On Mon, Mar 13, 2017 at 11:45:00AM +0000, dexter [REDMINE] wrote:

Integrating this seemed to be easy on the first look. After examining
the part that uses SSE we (neels and me) even found that we can skip
having function pointers. An extra If would only add very minimal
extra cost.

Where is the problem with function pointers? All the code that is doing
codec-selection that I've seen (e.g. in ffmpeg libavcodec) is doing it
this way, so hence my normal approach would be to do it like the others
do it, who have been doing runtime selection of cpu optimizations for
decades.

For example, see ffmpeg/libavcodec/x86/vp8dsp_init.c

They basically first assign the function pointer to the most generic
implementation, and then check for specific cpu features (in order of
"recentness" such as SSE level) and overwrite those function pointers.
That's code that runs once at startup, and which is fairly simple.

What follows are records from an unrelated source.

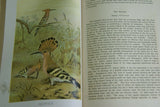 VERY Rare Antique Book from the Library of Natural History by Richard Lydekker from 1901- "Birds" Macaws hoopoes parrots frigate condors owls (Leather Bound with Gold Leaf Edges) ) THE RIVERSIDE PUBLISHING COMPANY, 1901 CHICAGO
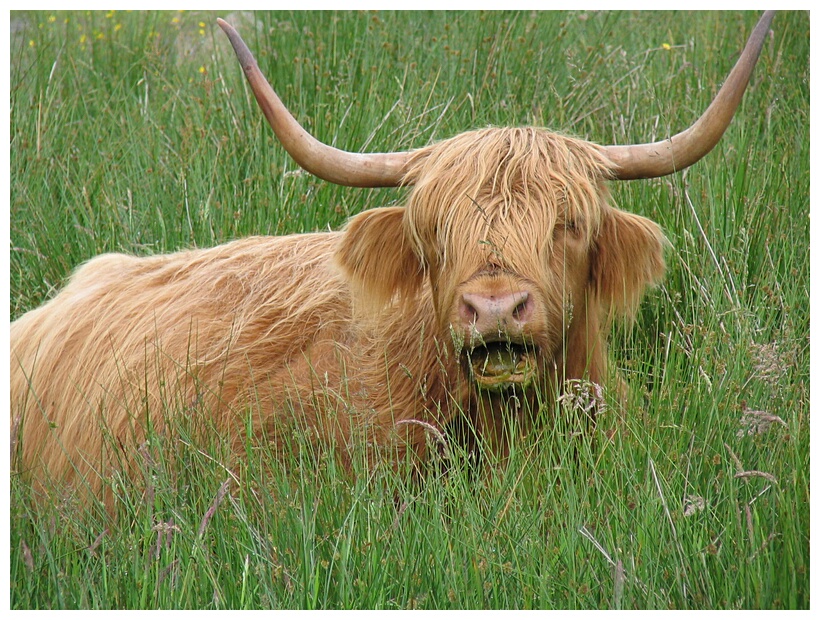 Highland cow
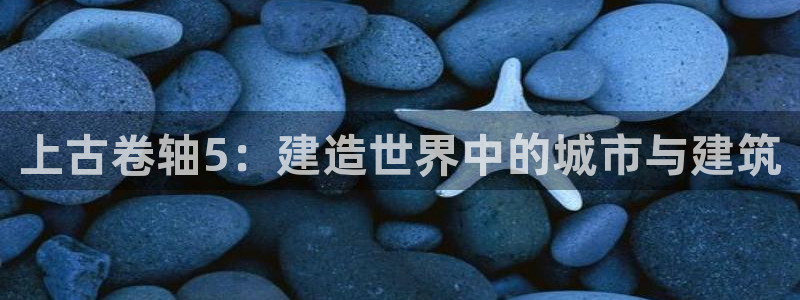 先锋娱乐资讯官网入口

  • The detection of the SSE level works perfectly fine. On my machine
    and on the APU - no problem here.

good.

  • Trouble starts when compiling the code on the APU, that should work,
    but it complains that the platform does not support the SSE features.
    Even then when the relevant compiler switches (-msse4.1) is set.

What is the exact error message[s]? Without those, it's hard to search
for any references and try to help you.

  • Also, and that worries me most, is that if we turn on SSE4.1
    support, the compiler will apply this to all sources, it will probably
    infer SSE4.1 based optimizations in other parts of the code and render
    the result incompatible.

What about not compiling all of the code with that flag, but only the
'codec' part (convolve.c, convert.c, ...)?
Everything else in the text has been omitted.